Bewertung:

Das Buch bietet eine umfassende Geschichte der jüdischen Gemeinde in Saloniki und beleuchtet ihren Aufstieg und Niedergang inmitten bedeutender kultureller und politischer Veränderungen. Es befasst sich mit dem Erbe der Gemeinde, ihrem Status unter osmanischer Herrschaft, den Herausforderungen im modernen Griechenland und den verheerenden Auswirkungen des Holocausts, und das alles mit einem wissenschaftlichen Ansatz.
Vorteile:Das Buch ist gut dokumentiert, wissenschaftlich fundiert und gut lesbar. Es präsentiert eine faszinierende und nuancierte Geschichte einer lebendigen jüdischen Gemeinde und ihres abrupten Verschwindens während des Holocausts. Viele Rezensenten loben die detaillierte Analyse, den fesselnden Schreibstil und die umfassende Behandlung des Themas, die das Buch zu einer informativen Lektüre machen.
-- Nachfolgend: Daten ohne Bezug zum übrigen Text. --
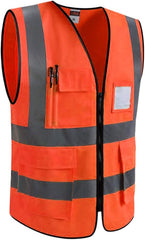 Vesta reflectorizanta, material elastic, banda 4cm, portocalie, unisex, universala - Daro Online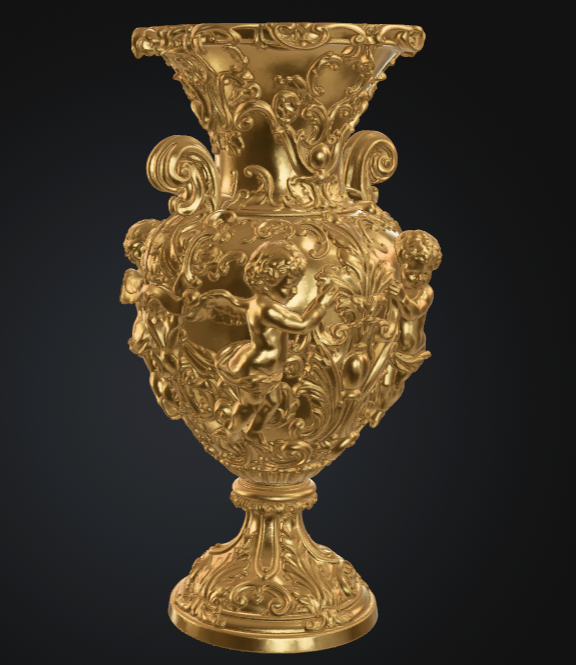 Baroque Style Vase – STL 3D File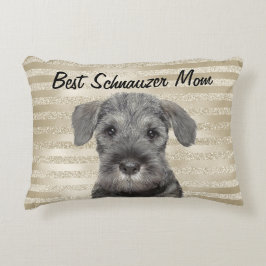 Best Schnauzer Mama Akzent Kissen
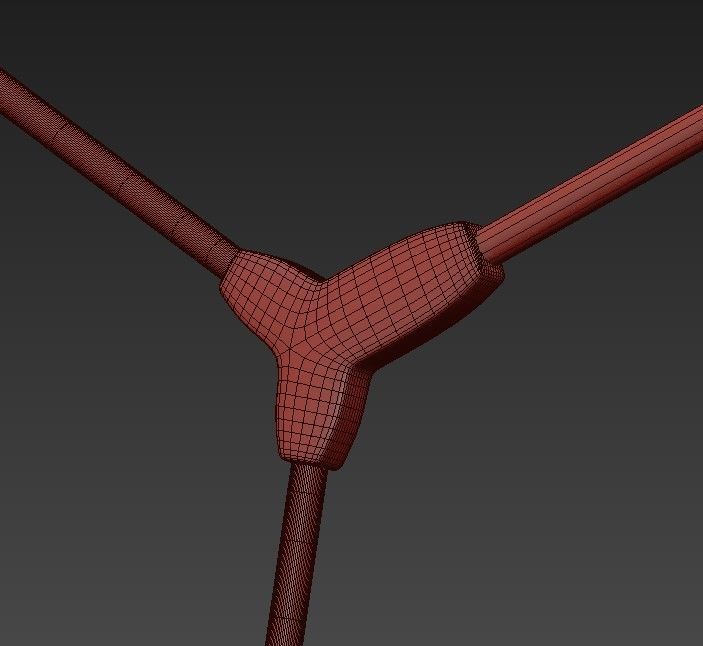 Finnegan 5 light 3D model_6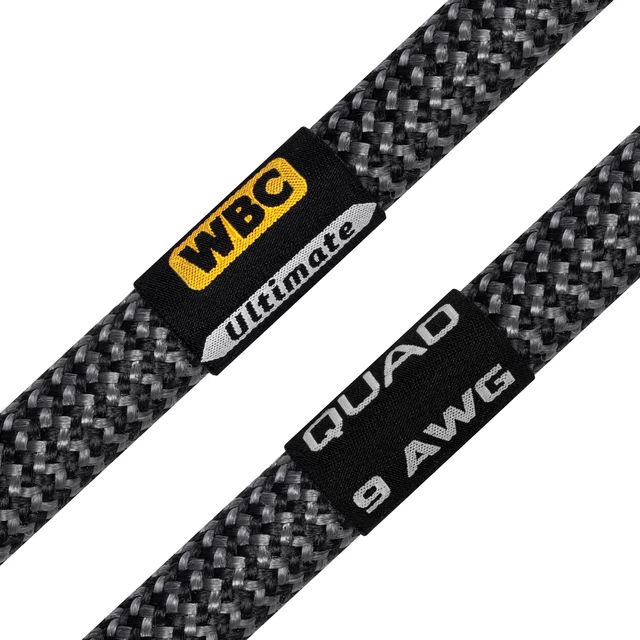 Alt view image 4 of 5 - WORLDS BEST CABLES 6 Foot Ultimate - 9 AWG - Ultra-Pure OFC Extra Premium Audiophile HiFi Bi-Amp Speaker Cable Pair with Eminence Gold Banana Plugs & Carbon Tweed Jacket
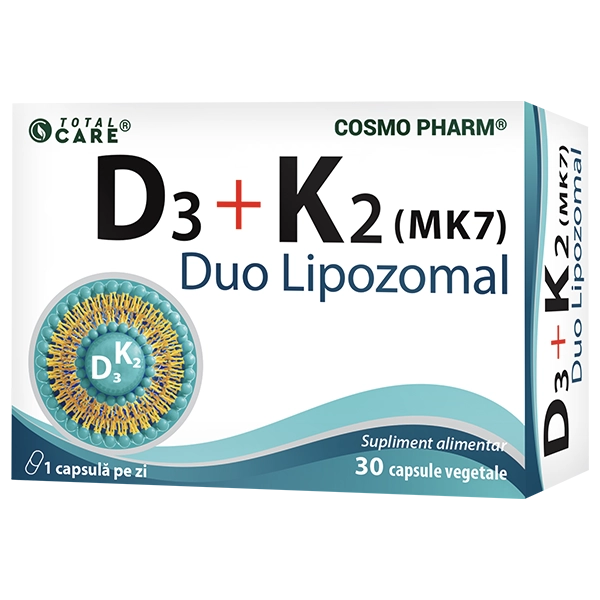 Minerale - Vitamina D3 K2 Lipozomala - absorbtie ridicata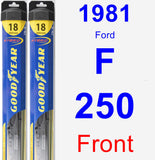 Front Wiper Blade Pack for 1981 Ford F-250 - Hybrid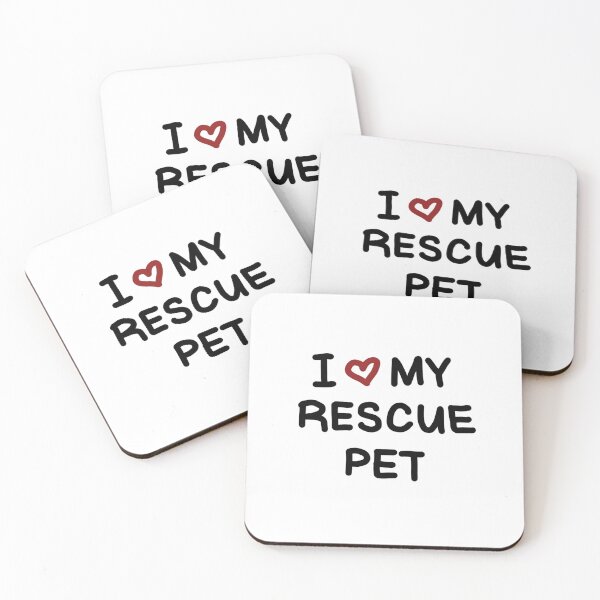 Item preview, I Love My Rescue Pet designed and sold by whygracie.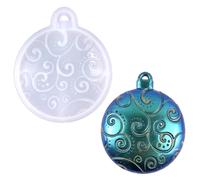 Vdaxvme 3 styles de moules en silicone époxy pour porte-clés de la série de Noël, collier, pendentif, bijoux, artisanat moule pour Noël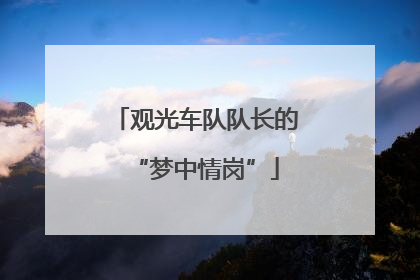 观光车队队长的“梦中情岗”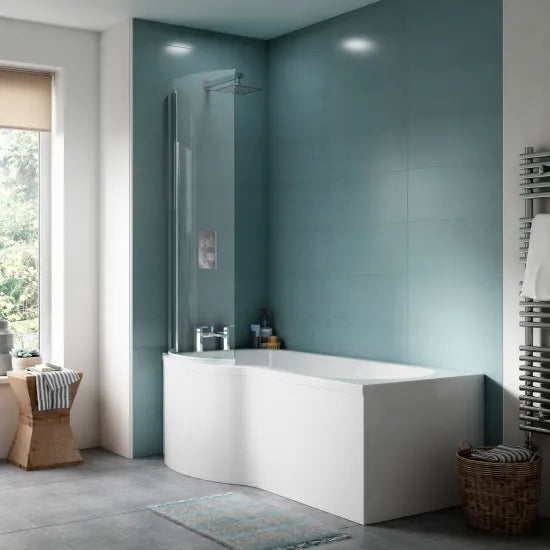 Arley 725mm Acrylic B-Shaped Shower Bath End Panel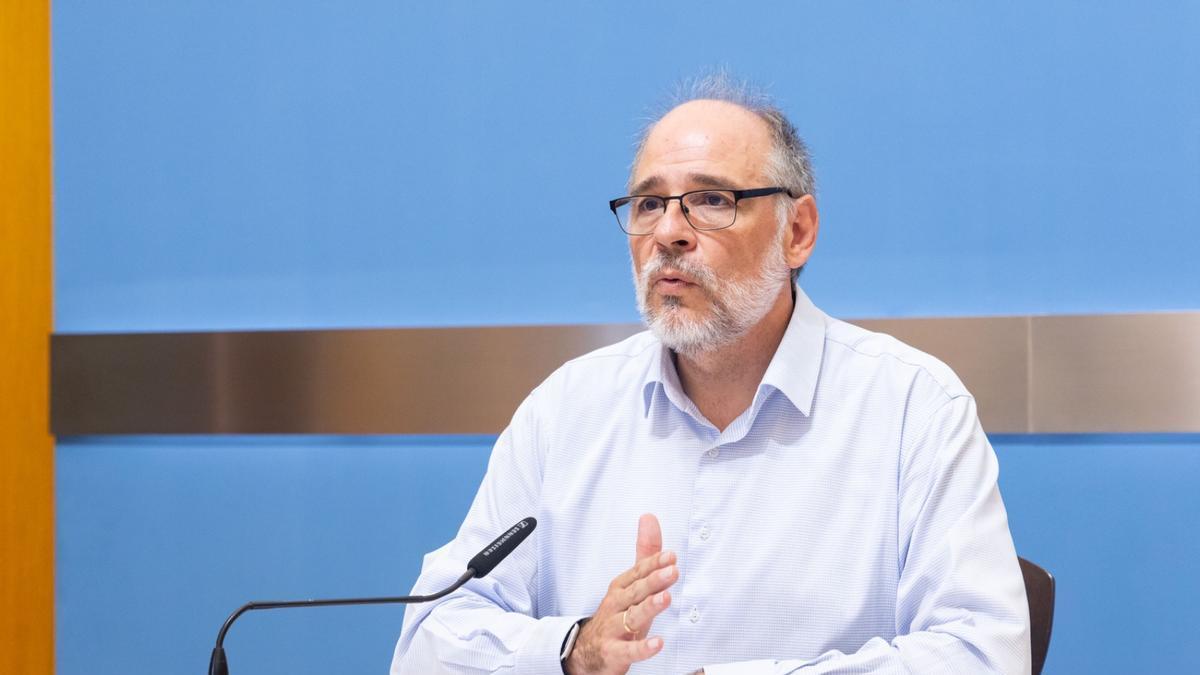 Alfonso Mendoza durante la rueda de prensa realizada la mañana de este miércoles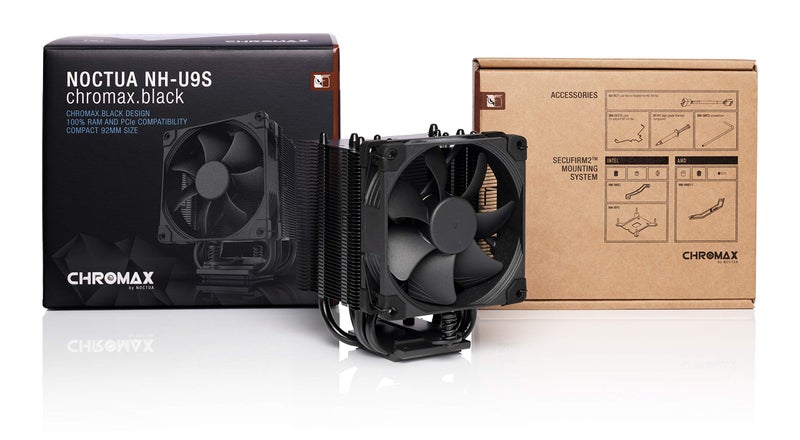 Noctua NH-U9S chromax.Black, 92mm Single-Tower CPU Cooler (Black) - Image 4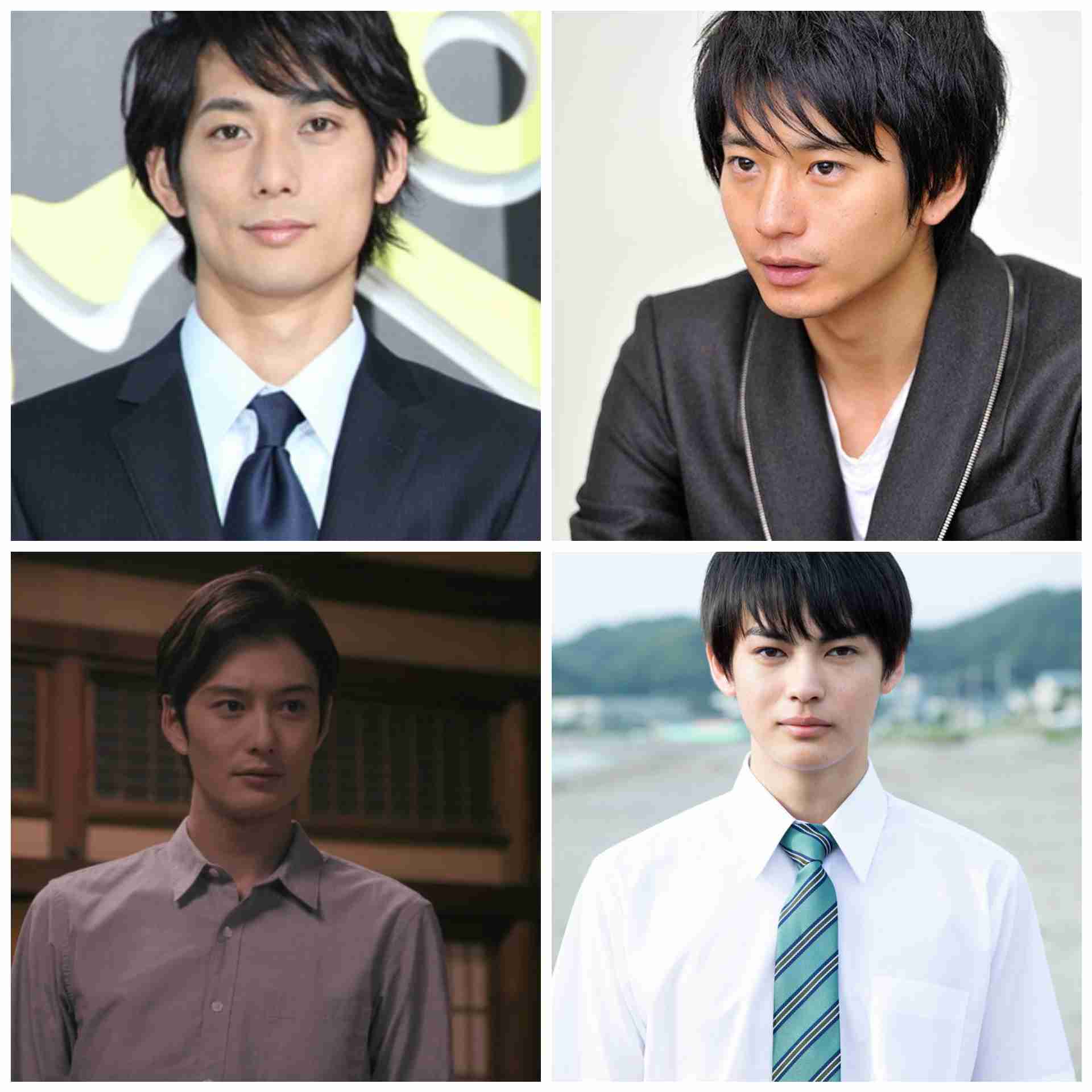 好きな顔4人集めてみた！【男性編】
Nachteile:Einige Rezensenten fanden die umfangreichen Fußnoten und wissenschaftlichen Verweise überwältigend, was zu einem Eindruck von Trockenheit oder mangelndem emotionalen Engagement führte. Einige Kritiker meinen, dass es dem Buch an originellen Analysen mangelt und dass es für Leser, die bereits mit der Geschichte der jüdischen Gemeinde von Saloniki vertraut sind, weniger geeignet ist.
(basierend auf 17 Leserbewertungen)
Jewish Salonica: Between the Ottoman Empire and Modern Greece
Die als „Jerusalem des Balkans“ bezeichnete Mittelmeer-Hafenstadt Saloniki (Thessaloniki) war einst die Heimat der größten sephardischen jüdischen Gemeinde der Welt.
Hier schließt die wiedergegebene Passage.